- **REQUIRED WORK**
Of the material below, the lines to be retyped are those from the line containing "spisebordsben A-formet 2" through the line containing "Shaheen Shah Afridi", inclusive; reproduce them exactly.

- **DATA**
◇ ◇ ◇ ◇ ◇ ◇ ◇
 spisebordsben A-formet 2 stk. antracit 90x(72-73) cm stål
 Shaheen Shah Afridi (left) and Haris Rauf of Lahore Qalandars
◇ ◇ ◇ ◇ ◇ ◇ ◇
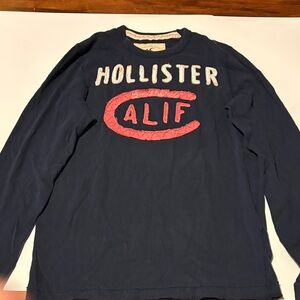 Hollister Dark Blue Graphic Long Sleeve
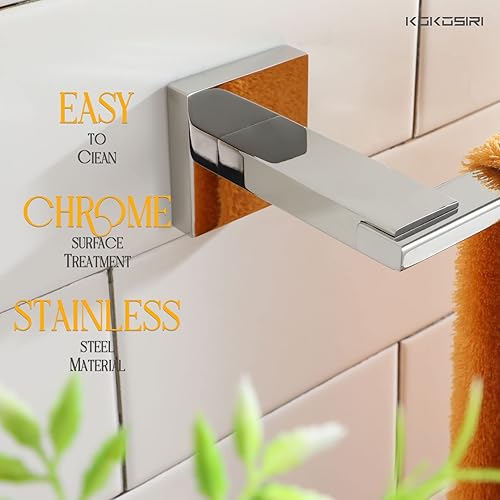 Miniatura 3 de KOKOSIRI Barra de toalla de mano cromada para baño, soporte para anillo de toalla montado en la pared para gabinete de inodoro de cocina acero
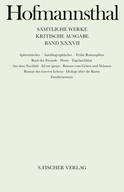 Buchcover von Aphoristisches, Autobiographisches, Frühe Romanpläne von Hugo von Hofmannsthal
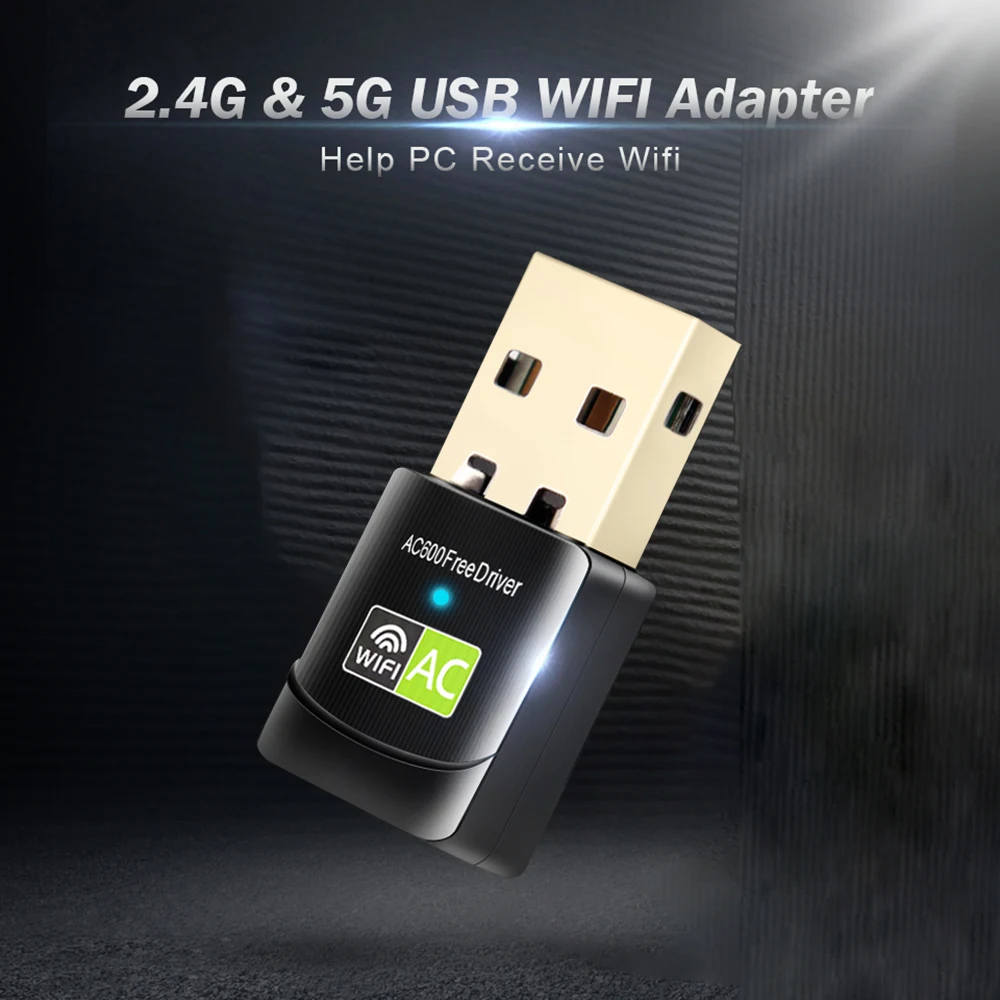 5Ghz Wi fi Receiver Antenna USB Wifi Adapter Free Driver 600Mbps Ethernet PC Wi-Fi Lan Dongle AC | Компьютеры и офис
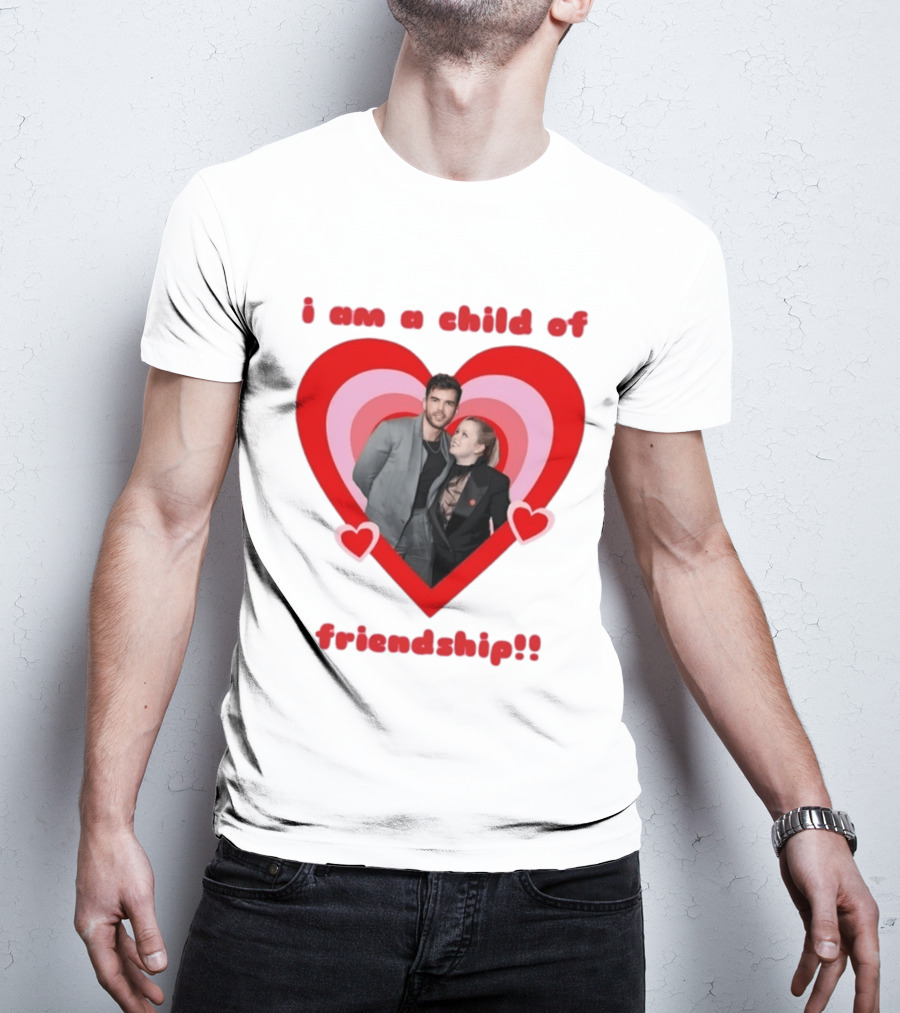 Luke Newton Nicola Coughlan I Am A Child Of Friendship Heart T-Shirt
◇ ◇ ◇ ◇ ◇ ◇ ◇
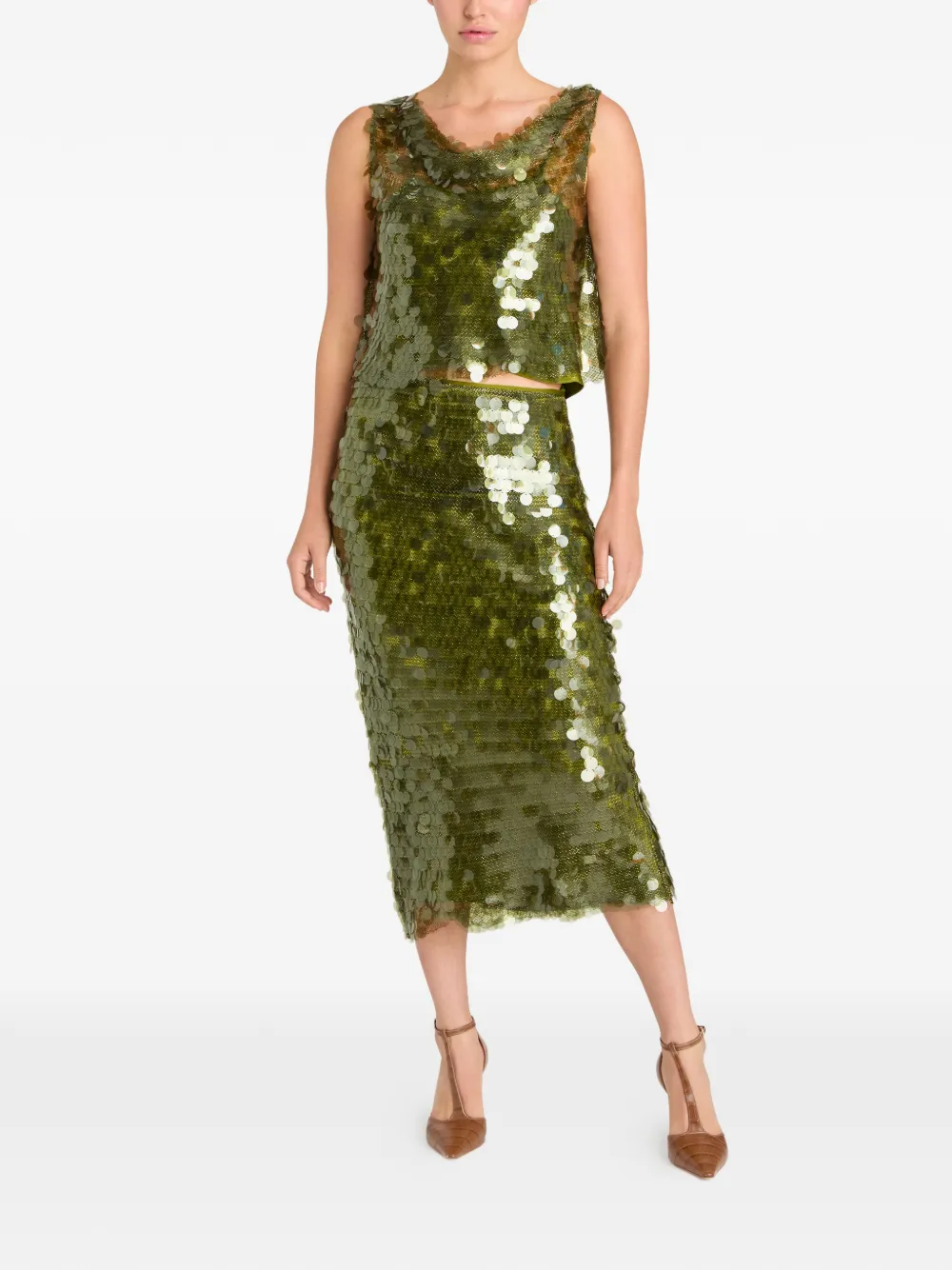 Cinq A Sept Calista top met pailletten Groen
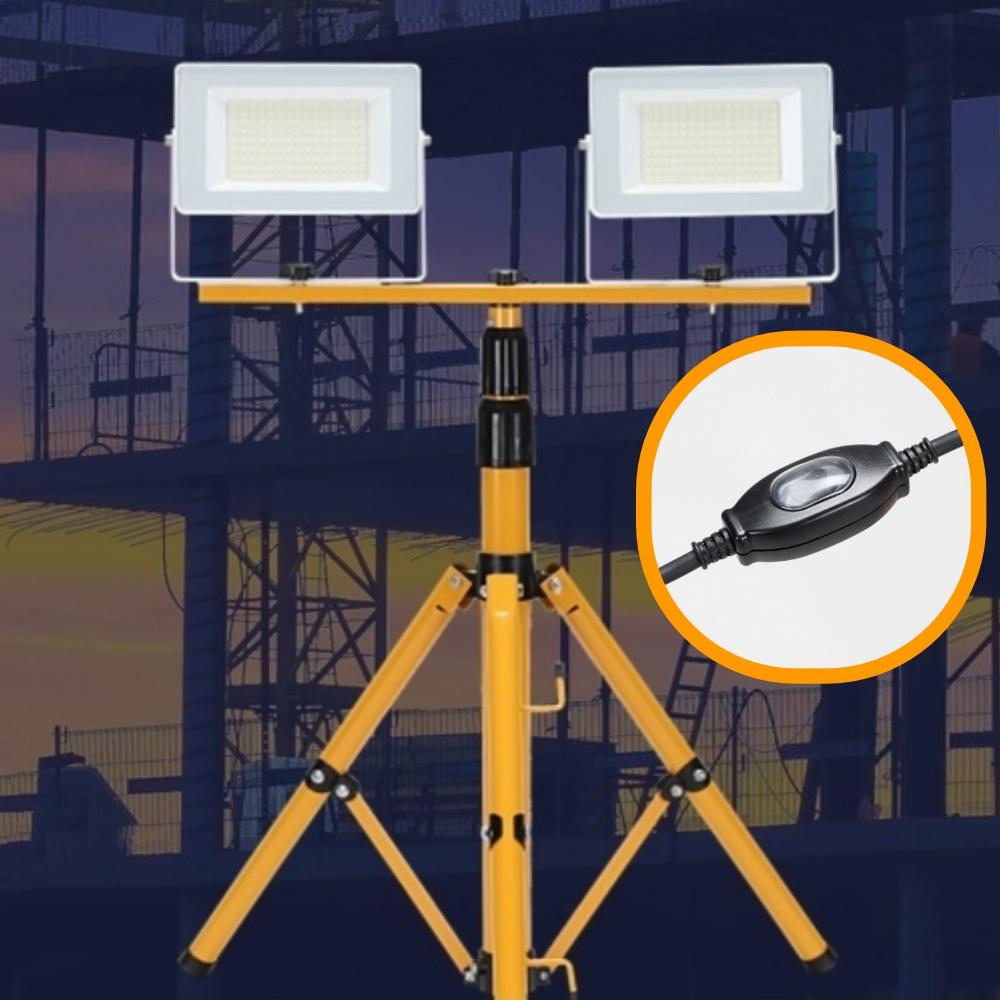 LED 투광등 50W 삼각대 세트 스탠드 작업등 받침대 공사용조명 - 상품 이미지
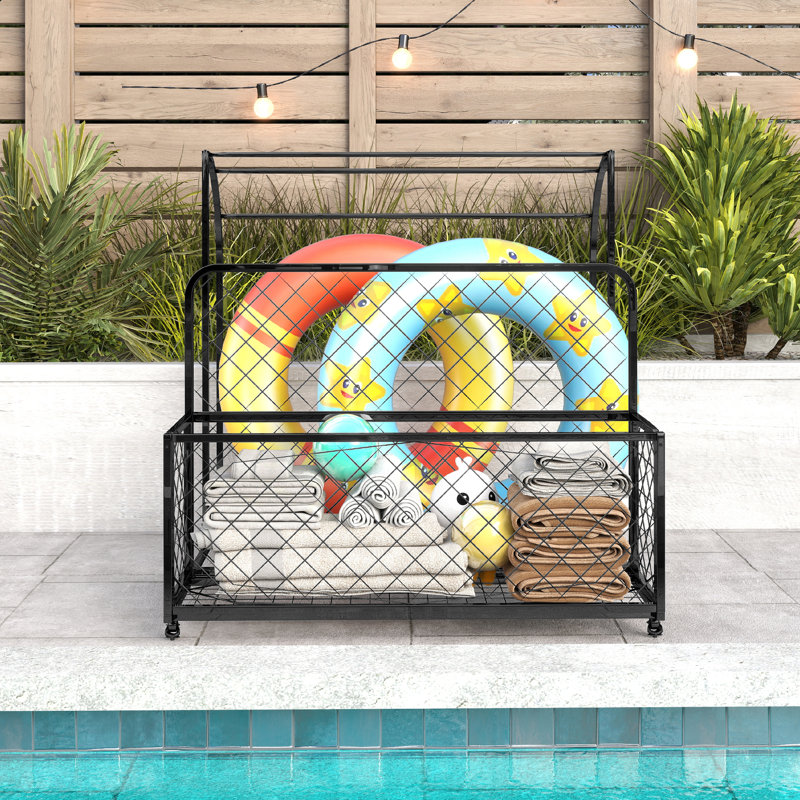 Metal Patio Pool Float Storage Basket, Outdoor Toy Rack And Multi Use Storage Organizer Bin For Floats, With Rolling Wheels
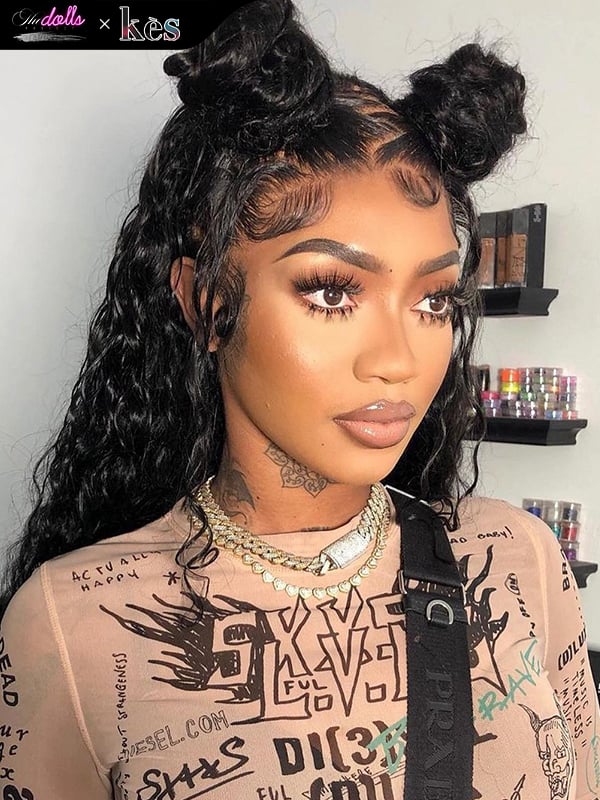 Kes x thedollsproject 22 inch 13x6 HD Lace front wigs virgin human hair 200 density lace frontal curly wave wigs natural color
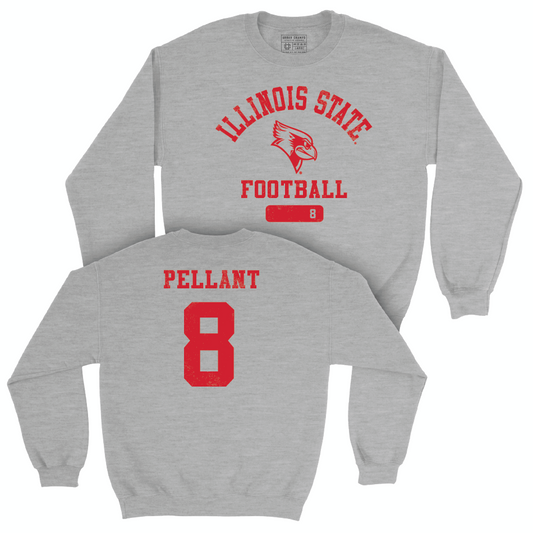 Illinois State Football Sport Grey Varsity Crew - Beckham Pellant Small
◇ ◇ ◇ ◇ ◇ ◇ ◇
- **ANSWER BOX**
 spisebordsben A-formet 2 stk. antracit 90x(72-73) cm stål
 Shaheen Shah Afridi (left) and Haris Rauf of Lahore Qalandars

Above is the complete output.